10/24/2008 05:12 am ET Updated May 25, 2011

When Incompetence Is Rewarded

We are not terribly tolerant of failure. A CEO who disappoints investors and the markets often finds plenty of time to read by the fireside. A coach or manager who can't win finds his ears ringing from boos and is soon nothing more than a spectator. Yet, when it comes to something of real significance, like the overall performance and management of our economy, we seem quick to ignore poor performance. Surprisingly, we also seem comfortable believing that the captain who ran this ship aground is capable of once again making her seaworthy. I must admit, I don't understand why.

This morning we were treated once again to testimony from Alan Greenspan, the former Chairman of the Federal Reserve. As with many of his recent statements, his testimony was carefully tailored to avoid any responsibility for the current mess. (While much of his testimony over the years was hard to follow, his position on his reputation is always clear). Included in this morning's statements were many gems, some new some old. I am baffled how anyone can believe that he can offer any advice to guide us through these troubled seas.

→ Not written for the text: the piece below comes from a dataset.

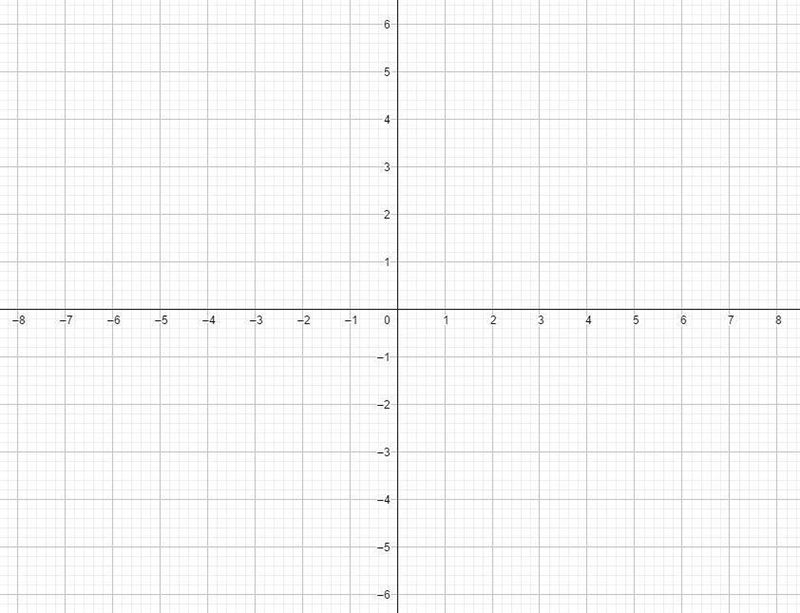 Im trying to plot a slope function on a graph y=2x+3-example-1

Under his stewardship, we were treated to a number of asset bubbles that, cumulatively, eroded the foundation of our economic system. The last bubble, the Housing and Sub-Prime Mortgage crisis, is perhaps emblematic of how we should remember his long tenure. Let's take a look at the Fed's batting average. On the economic front, the housing industry is in shambles; losses in home equity are staggering; foreclosures are occurring at the fastest pace in a generation; the entire debt capital market system is in disarray; enormous writedowns have threatened the stability and viability of many financial institutions; from the peak, equities have lost approximately 40% of their value putting at risk the entire pension and retirement savings system of this country; the industrial economy is now slowing; jobless claims are exploding and the unemployment rate will probably soon exceed 7%. On the "inflation side", we experienced a staggering run-up in the price of most basic commodities (including the price of housing) while the Fed stood blindly by deigning to ignore the evidence and the attendant cost. (I will go so far as saying that without the explosion in food, energy and other basic necessities, the sub-prime mess would have been a manageable problem. While rate resets caused some distress, the increased cost of basic necessities were far more significant for many people. Both occuring at the same time was a disaster).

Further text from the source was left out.